Information:
>>>>
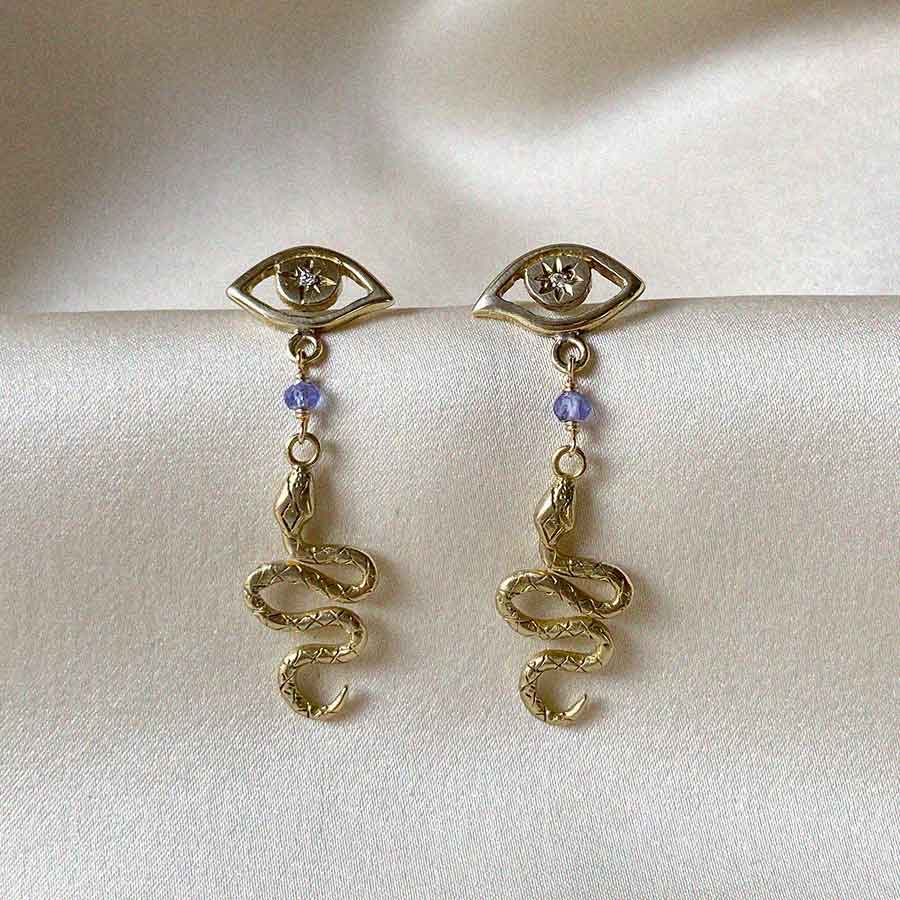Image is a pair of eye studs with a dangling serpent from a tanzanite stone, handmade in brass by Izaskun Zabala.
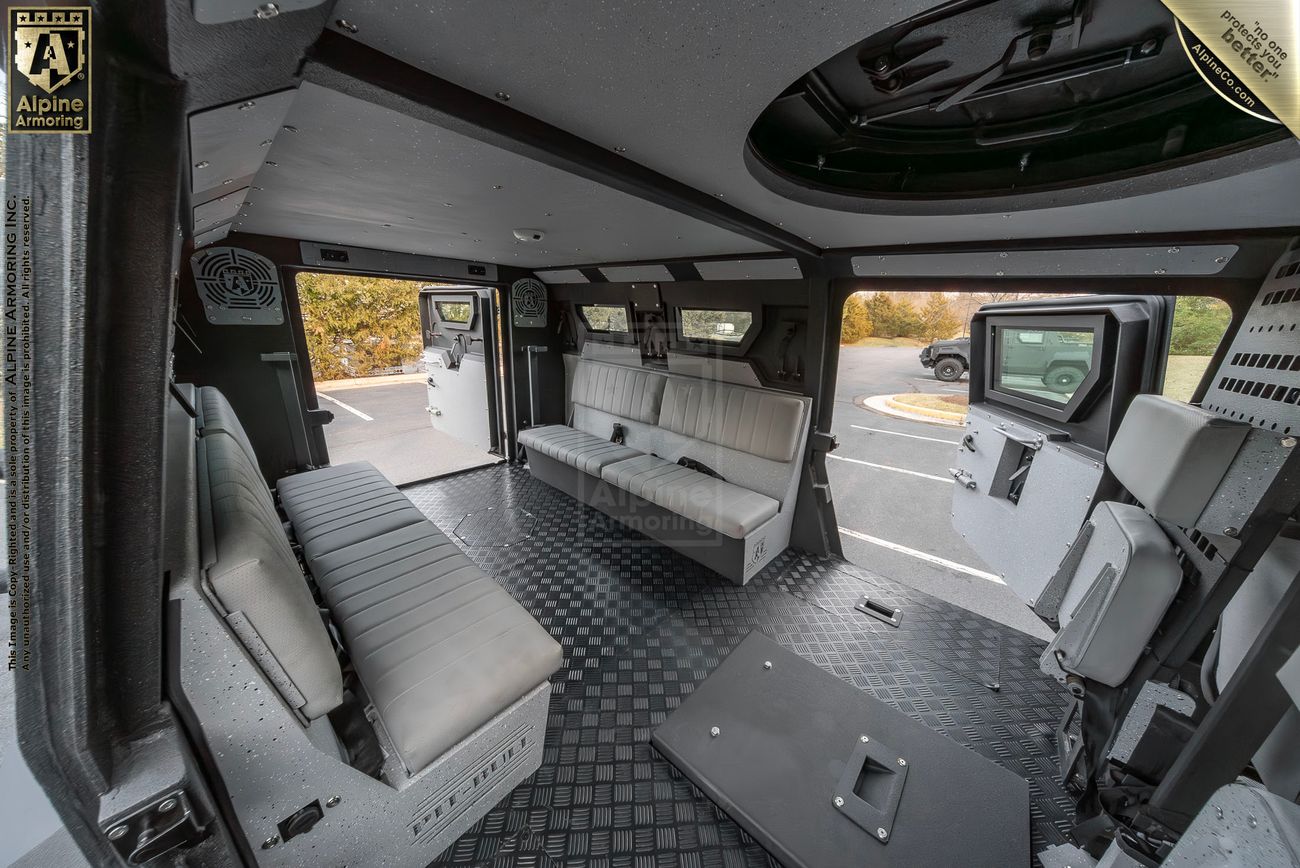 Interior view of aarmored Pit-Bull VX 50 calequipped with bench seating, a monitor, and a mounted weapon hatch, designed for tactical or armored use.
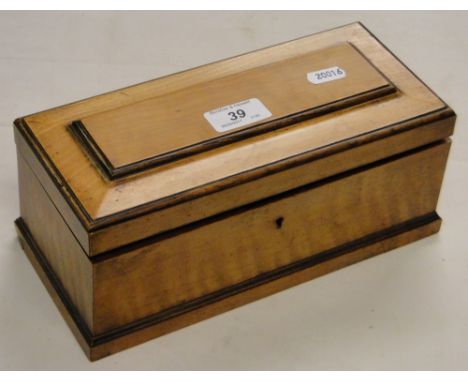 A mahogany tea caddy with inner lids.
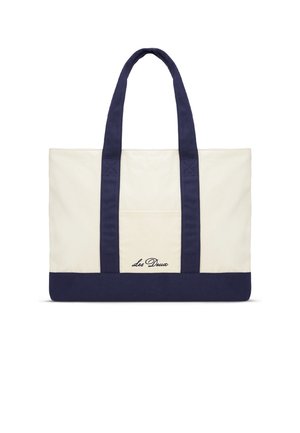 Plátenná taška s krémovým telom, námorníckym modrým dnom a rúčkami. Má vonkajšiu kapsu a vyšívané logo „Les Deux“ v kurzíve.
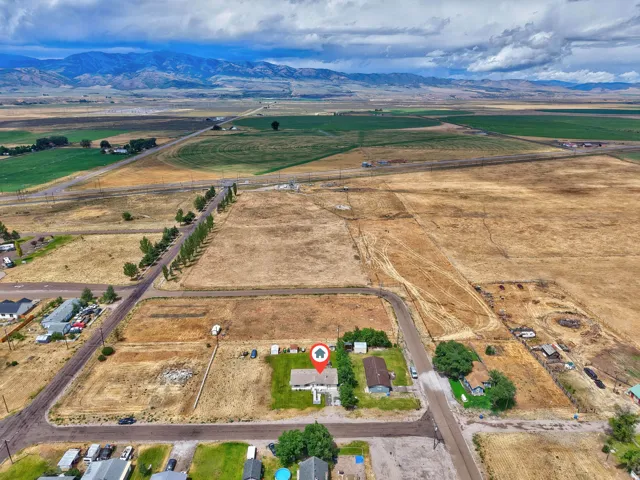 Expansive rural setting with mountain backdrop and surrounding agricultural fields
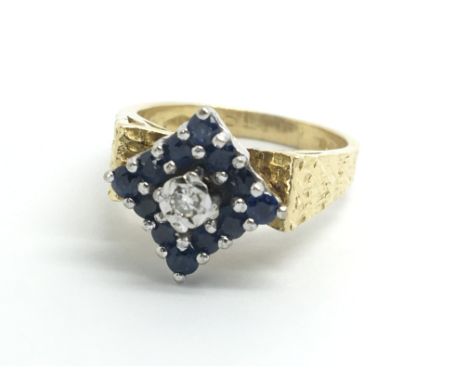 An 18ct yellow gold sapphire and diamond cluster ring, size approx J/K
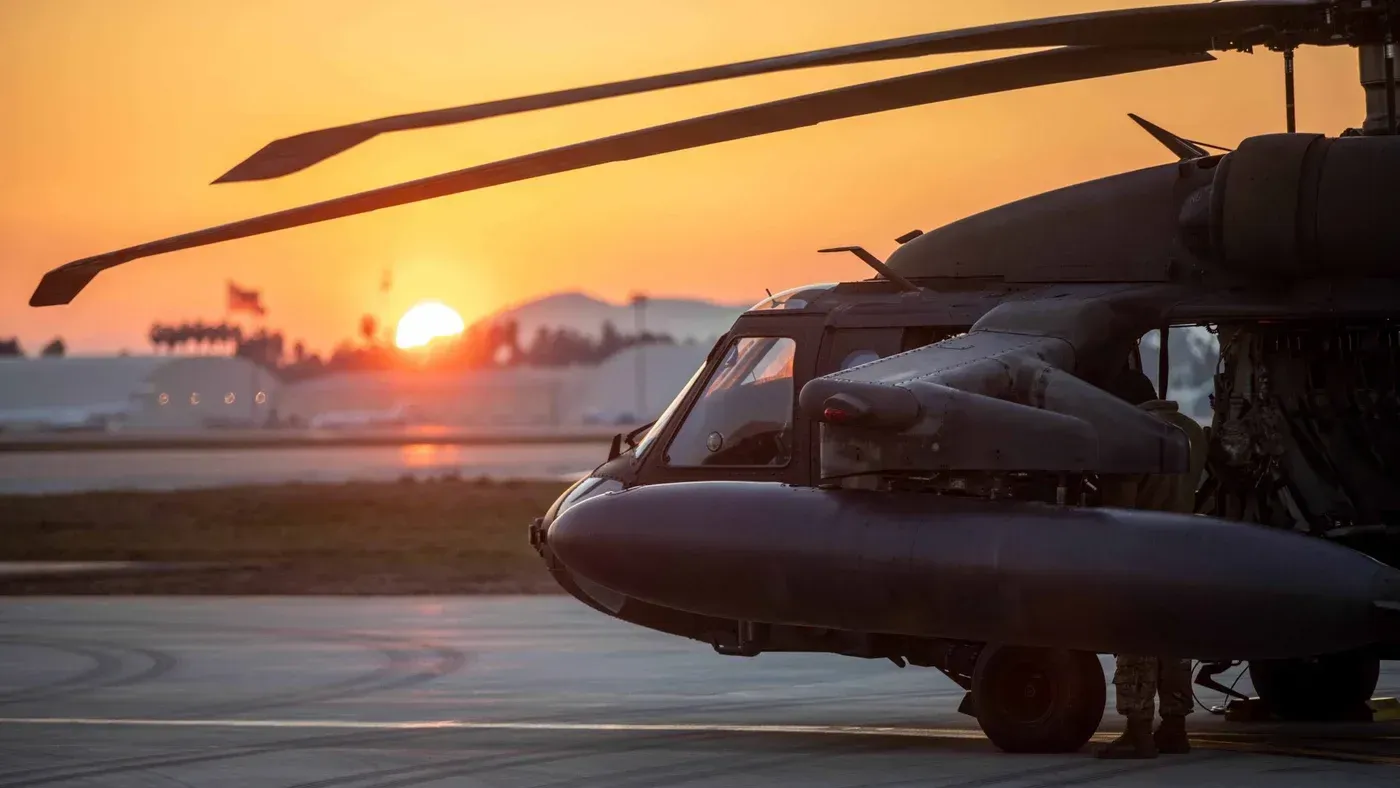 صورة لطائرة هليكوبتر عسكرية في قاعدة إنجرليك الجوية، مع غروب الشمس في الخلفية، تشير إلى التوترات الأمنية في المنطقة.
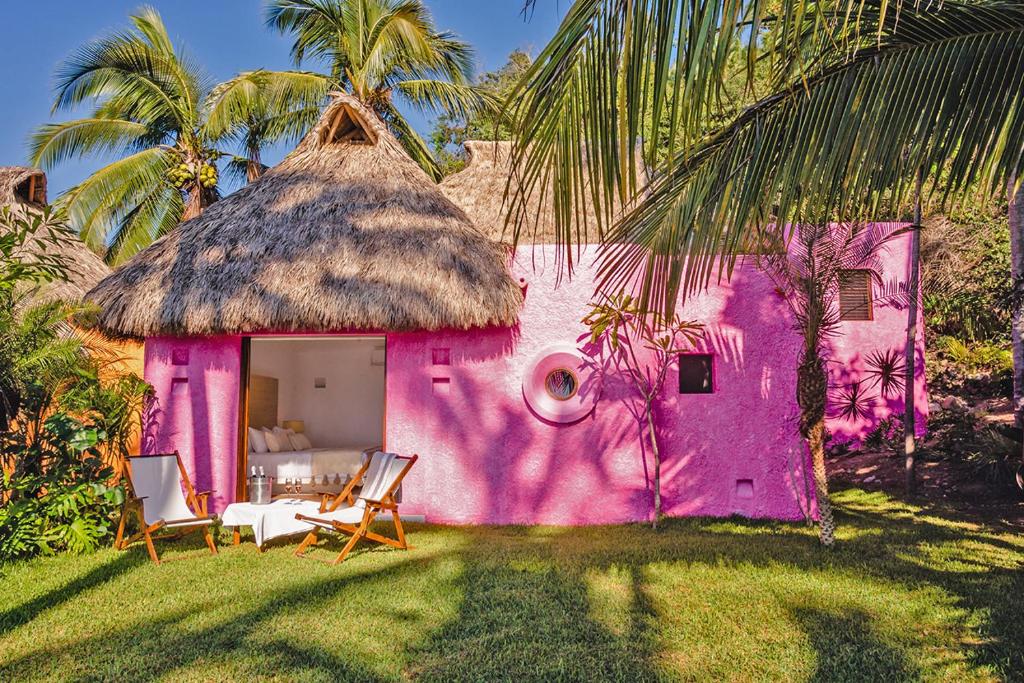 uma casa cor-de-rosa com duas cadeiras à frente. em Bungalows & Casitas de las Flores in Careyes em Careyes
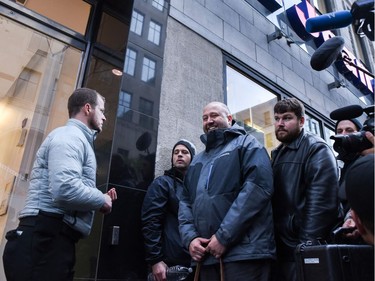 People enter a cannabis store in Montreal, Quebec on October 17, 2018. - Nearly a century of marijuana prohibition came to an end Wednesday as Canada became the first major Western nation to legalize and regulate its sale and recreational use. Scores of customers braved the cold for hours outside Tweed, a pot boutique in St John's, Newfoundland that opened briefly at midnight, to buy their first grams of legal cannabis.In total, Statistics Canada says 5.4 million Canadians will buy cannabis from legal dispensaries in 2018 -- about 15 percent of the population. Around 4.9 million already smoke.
<<<<
Look through the listing above for the line with "An 18ct yellow" and the line with "uma casa cor-de-rosa". Write out exactly those lines and everything between, leaving out pictures.

 An 18ct yellow gold sapphire and diamond cluster ring, size approx J/K
 صورة لطائرة هليكوبتر عسكرية في قاعدة إنجرليك الجوية، مع غروب الشمس في الخلفية، تشير إلى التوترات الأمنية في المنطقة.
 uma casa cor-de-rosa com duas cadeiras à frente. em Bungalows & Casitas de las Flores in Careyes em Careyes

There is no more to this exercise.